**EXERCISE BRIEF:** From the first line to the last, copy the material word for word; pictures stay out.

**INFORMATION SHOWN:**
'''
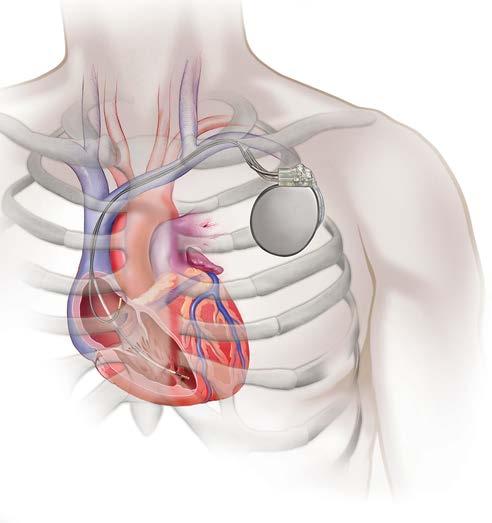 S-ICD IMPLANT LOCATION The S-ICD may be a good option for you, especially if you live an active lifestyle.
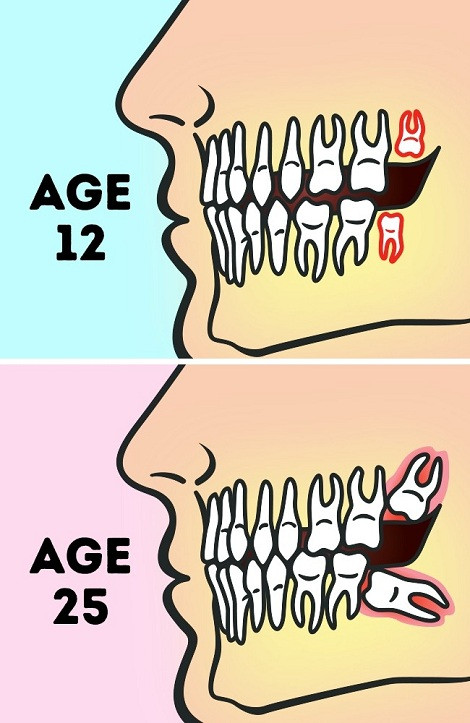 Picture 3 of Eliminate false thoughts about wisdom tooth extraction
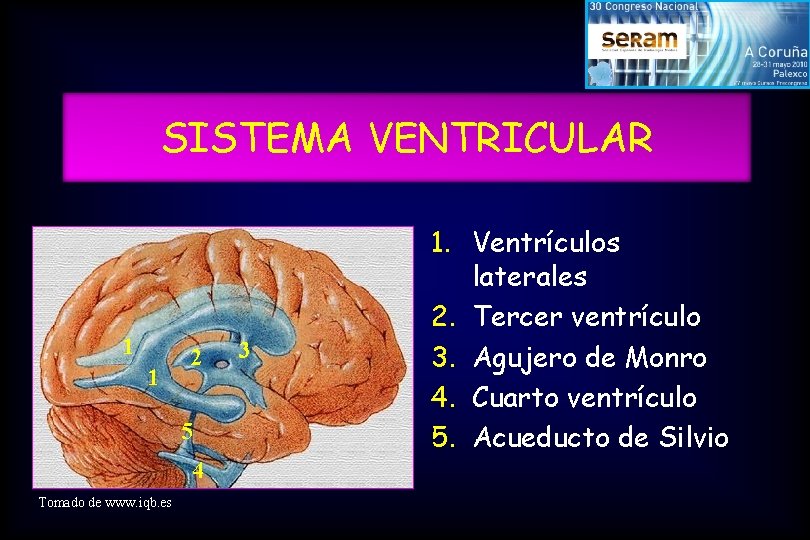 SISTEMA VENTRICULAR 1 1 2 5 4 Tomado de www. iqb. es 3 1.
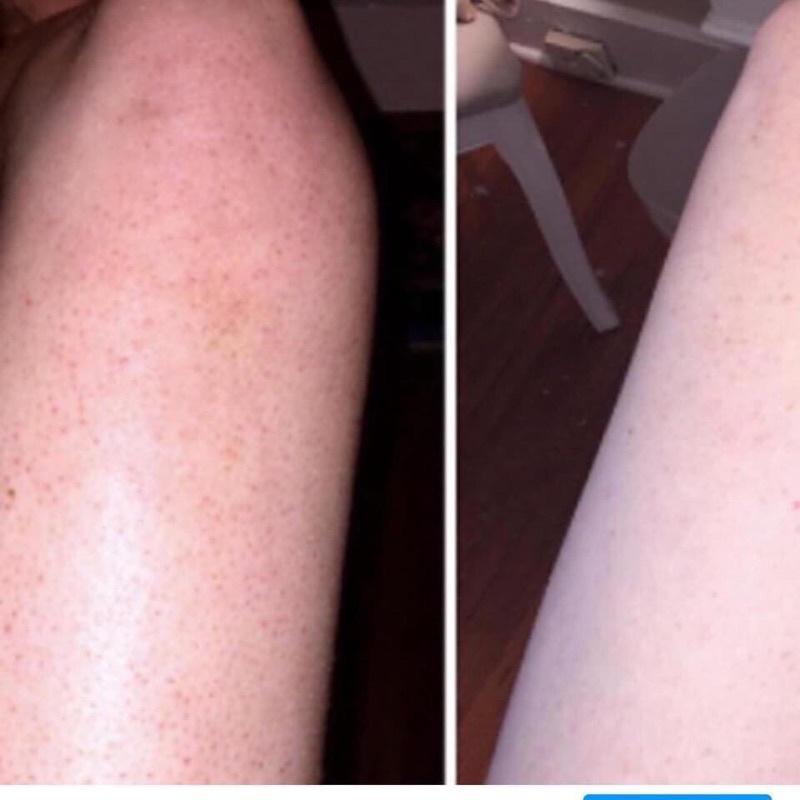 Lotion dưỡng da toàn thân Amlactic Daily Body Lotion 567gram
'''
**PROBLEM SOLUTION:**
 S-ICD IMPLANT LOCATION The S-ICD may be a good option for you, especially if you live an active lifestyle.
 Picture 3 of Eliminate false thoughts about wisdom tooth extraction
 SISTEMA VENTRICULAR 1 1 2 5 4 Tomado de www. iqb. es 3 1.
 Lotion dưỡng da toàn thân Amlactic Daily Body Lotion 567gram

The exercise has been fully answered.